Dès sa publication, la nouvelle a suscité un grand émoi dans une communauté scientifique tout d'abord incrédule. Ces observations ont fait l'objet d'une publication scientifique étayée par les chercheurs du laboratoire d'ornithologie de l'Université Cornell dans la revue Science (Fitzpatrick et al., 2005). Cette documentation a toutefois été rapidement mise en doute par d'autres scientifiques notamment par David Sibley, ornithologue réputé auteur de plusieurs guides de référence sur les oiseaux d'Amérique du Nord. Ré-analysant la bande vidéo de Luneau, il conclut en effet que les principaux caractères observés, notamment le dessin blanc et noir du dessous des ailes, apparaissent également sur la face ventrale du grand pic, Dryocopus pileatus, ne permettant pas une distinction formelle. Ces commentaires furent réfutés dans une publication complémentaire par John Fitzpatrick sur la base de simulations de vol des deux espèces. Les quelques secondes d'images de la bande vidéo ont ainsi été décryptées plan par plan en tenant compte du flou lié à la prise de vue. L'étendue du blanc sur l'arrière de l'aile, la pointe noirâtre de l'aile observable à chaque battement et l'absence de noir sur le bord arrière de l'aile semblent éliminer l'hypothèse du grand pic. Ainsi en dépit de la médiocre qualité du document vidéo et de la difficulté intrinsèque de l'analyse, John Fitzpatrick et ses collègues ont maintenu leur conclusion première. Pour eux, le document vidéo et les quelques observations individuelles fiables établissent la présence d'un pic à bec ivoire dans l'Arkansas au début de l'année 2004. Cette controverse scientifique a mis en évidence les réelles difficultés de différenciation d'espèces relativement proches et la nécessité de disposer de clichés ou de documents scientifiques vérifiables. Elle a aussi montré la nécessité d'engager de nouvelles recherches approfondies de l'espèce dans les Etats du Sud où elle pouvait subsister. Un travail de grande ampleur demandant de longues années de recherche.

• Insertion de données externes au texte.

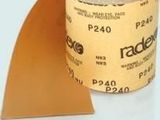 Rola abraziva 115mmx50m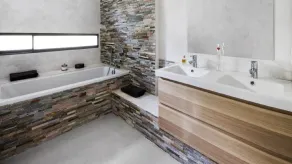 New! Designer \"Alpilles\" home - Image 5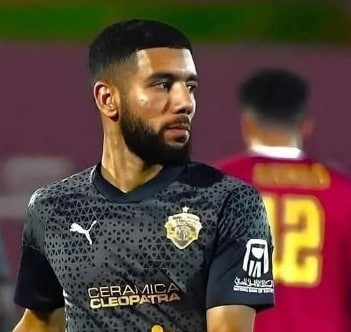 سيراميكا القندوسي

De nouvelles recherches infructueuses

Le laboratoire Cornell d'ornithologie a poursuivi, durant la saison 2005-2006, un important programme de recherche de l'espèce dans les forêts de l'Arkansas associant les efforts de chercheurs chevronnés et de nombreux bénévoles. Quatre observations fugaces effectuées durant cette période pouvaient se rapporter au pic à bec ivoire. Toutefois dans chacun de ces cas, l'observateur n'a noté qu'un seul des traits caractéristiques de l'espèce. Ces observations n'ont donc pas été formellement validées, deux traits distinctifs différents étant désormais exigés pour entériner de telles observations. Ainsi les recherches conduites en 2005-2006 se sont achevées sans aucune certitude. Des milliers d'heures d'enregistrements acoustiques automatiques effectuées dans ces forêts sont en cours de traitement. A la suite de ces prospections, les chercheurs ont conclu que l'oiseau observé en 2004 ne fréquentait plus le bayou de View et qu'aucune reproduction n'a été enregistrée dans ce secteur en 2005-2006.